Nabi saw. bersabda,“Kaum muslimin berserikat dalam tiga hal : dalam air, padang rumput [gembalaan], dan api.” (HR. Abu Dawud, Ahmad, Ibnu Majah).

 

Hadits ini menunjukkan bahwa tiga benda tersebut adalah milik umum, karena sama-sama mempunyai sifat tertentu sebagai illat (alasan penetapan hukum), yakni menjadi hajat hidup orang banyak (Imam Syaukani, Nailul Authar).

 

Berikutnya dalam kitab Al Amwal fi Dawlah Khilafah karya Abdul Qadim Zallum diterangkan, untuk benda-benda milik umum yang mudah dimanfaatkan secara langsung, rakyat berhak memanfaatkannya secara langsung.

 

Namun disyaratkan tidak menimbulkan bahaya pada orang lain dan tidak menghalangi hak siapa pun untuk turut memanfaatkannya.
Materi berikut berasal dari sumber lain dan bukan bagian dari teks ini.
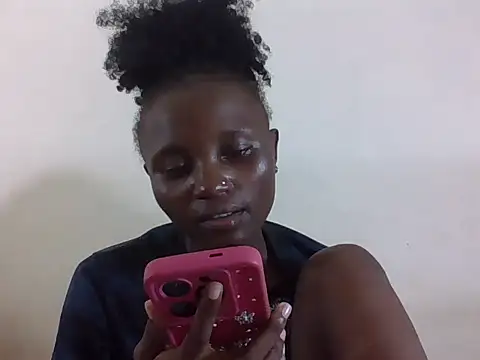 Snapshot of SexyNeedle22 chatting on June 27, 6:46 pm SexyNeedle22 online show from June 27, 6:46 pm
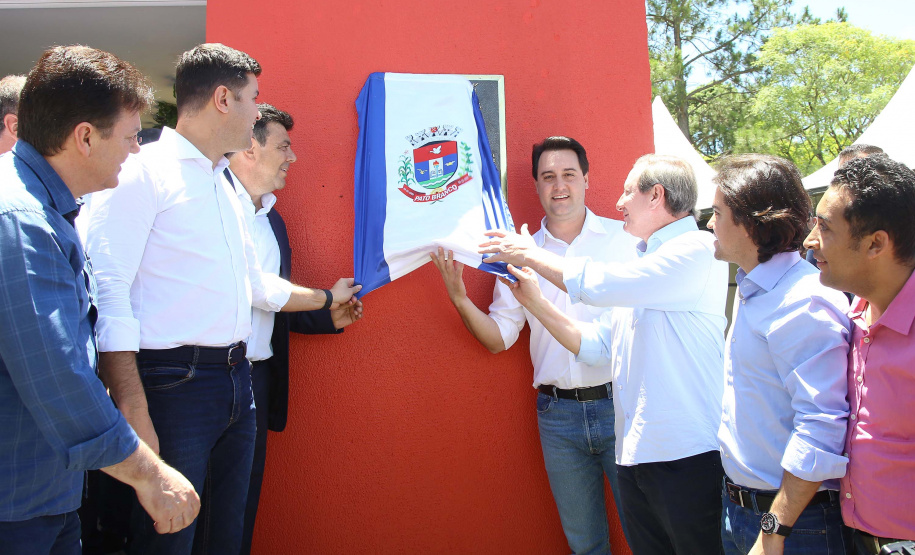 O governador Carlos Massa Ratinho Junior assinou na manhã desta terça-feira (12) a transferência da sede do Governo do Paraná para Pato Branco, polo do Sudoeste do Paraná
Misal, pengambilan ranting-ranting kayu di hutan, atau penebangan pohon dalam skala terbatas, atau untuk berburu hewan liar, mengambil madu, rotan, serta buah-buahan dan air.

 

Sedangkan untuk benda-benda milik umum yang tidak mudah dimanfaatkan secara langsung, serta membutuhkan keahlian, sarana, atau dana besar untuk memanfaatkannya, seperti tambang gas, minyak, dan emas, hanya negara –sebagai wakil kaum muslimin– yang berhak untuk mengelolanya.

 

Sama halnya dengan hutan, pengelolaannya pun menurut syariah hanya boleh dilakukan oleh negara, tak boleh swasta. Sebab pengolahan hutan juga tidak mudah dilakukan oleh orang per orang, serta membutuhkan keahlian, sarana, atau dana yang besar.

 

Sabda Rasulullah saw., “Imam/ Khalifah adalah ibarat penggembala dan hanya dialah yang bertanggung jawab terhadap gembalaannya (rakyatnya).” (HR. Muslim).

 

Negara yang mendapat mandat syariat akan mengelola sebesarnya untuk kemaslahatan seluruh warga negara tanpa membedakan ras, suku, dan agama. Terhadap deforestasi pun bakal dipandang dengan kacamata kepentingan rakyat, bukannya kepentingan swasta atau pengusaha.

 

Di titik inilah niscaya terwujud Islam rahmatan lil alamin sebagaimana yang pernah terwujud selama berabad-abad ketika dunia berada di bawah naungan kekuasaan Islam yang menerapkan syariah kafah. Wallahua’lam bissawab. [LM/ry].